Pourquoi des portraits de femmes et de personnes issues de minorités ethniques exposés dans un musée aux Etats-Unis ont-ils été dissimulés ?
Un musée du Maryland, géré par la NSA, a volontairement dissimulé des panneaux retraçant l’apport de femmes et de personnes racisées à la cryptographie. Après un tollé, l’établissement a évoqué une «erreur» commise dans la précipitation pour répondre aux récents décrets présidentiels.
Couvrez ces femmes et ces minorités que je ne saurais voir. Depuis plusieurs jours, le National Cryptologic Museum, musée sur l’histoire de la cryptographie – écriture chiffrée et sécurisée –, situé dans l’Etat américain du Maryland, est au cœur d’un scandale. La polémique démarre après la publication sur les réseaux sociaux dimanche 2 février au matin d’une photo du «Hall of Honor», hall d’honneur de ce musée placé sous la tutelle de la National Security Agency (NSA).
Alors que plusieurs portraits de scientifiques – en grande majorité des hommes blancs – sont affichés sur l’écran d’une télévision, deux rectangles en papier situés de chaque côté interpellent. Collés au mur avec du scotch, ils recouvrent en intégralité deux panneaux dédiés à des personnes clés de la cryptologie qui «ont été des innovateurs tout au long de leur carrière ou ont apporté des contributions majeures à la structure et aux processus de la cryptologie américaine», mentionne le site du musée. Et ces deux morceaux de papier tendus, ainsi que leur emplacement, ne laisseraient rien au hasard, selon le général Michael Hayden, ancien directeur de la NSA de 1999 à 2005. «Regardez ce qui s’est passé au National Cryptologic Museum. Ils ont recouvert de papier brun les photos des femmes de la cryptologie américaine», écrit l’ancien militaire sur le réseau social Bluesky, photo à l’appui.

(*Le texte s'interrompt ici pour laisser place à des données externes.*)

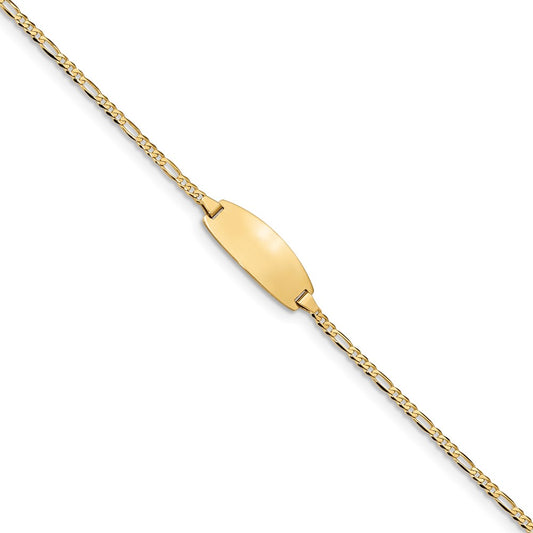 Quality Gold 14k Oval Figaro ID Bracelet Gold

Des femmes et personnes racisées invisibilisées
Comme le démontre un utilisateur sur X, un panneau mentionnant les «pionniers de l’histoire de la cryptologie des Etats-Unis» – et représentant uniquement des portraits de femmes – était en effet initialement visible à la droite de l’écran de télévision. Les visiteurs du musée pouvaient alors y lire de brèves biographies d’Elizebeth Friedman, scientifique surnommée «la première femme cryptanalyste d’Amérique» ; ou encore les avancées permises par Ann Caracristi, une autre pionnière de la cryptanalyse qui est devenue la première femme directrice adjointe de la NSA.
Michael Hayden poursuit sa démonstration : «lls ont également couvert les visages des personnes issues des minorités ethniques de l’histoire de la cryptologie, telles que Washington Wong et Ralph Adams», le premier étant représenté sur le panneau gauche. Deux catégories – «les Afro-Américains dans l’histoire de la cryptologie» et «les femmes dans la cryptologie américaine» – qui figurent pourtant sur la page Internet dédiée à ce même Hall of Honor sur le site du musée construit en 1993.
Toujours selon celui qui fut également directeur de la CIA de 2006 à 2009, cette dissimulation intervient «en réponse au décret antidiversité du président Trump». Une référence directe à un décret signé par le 47e président des Etats-Unis dans la foulée de son investiture permettant de «mettre fin à la discrimination illégale et rétablir les opportunités fondées sur le mérite». Une tentative du Président de mettre fin aux programmes dits de «DEI» (pour «diversité, équité et inclusion») ou «DEIA» (lorsque s’y ajoute l’enjeu de l’«accessibilité»), des jalons antiracistes que le républicain abhorre.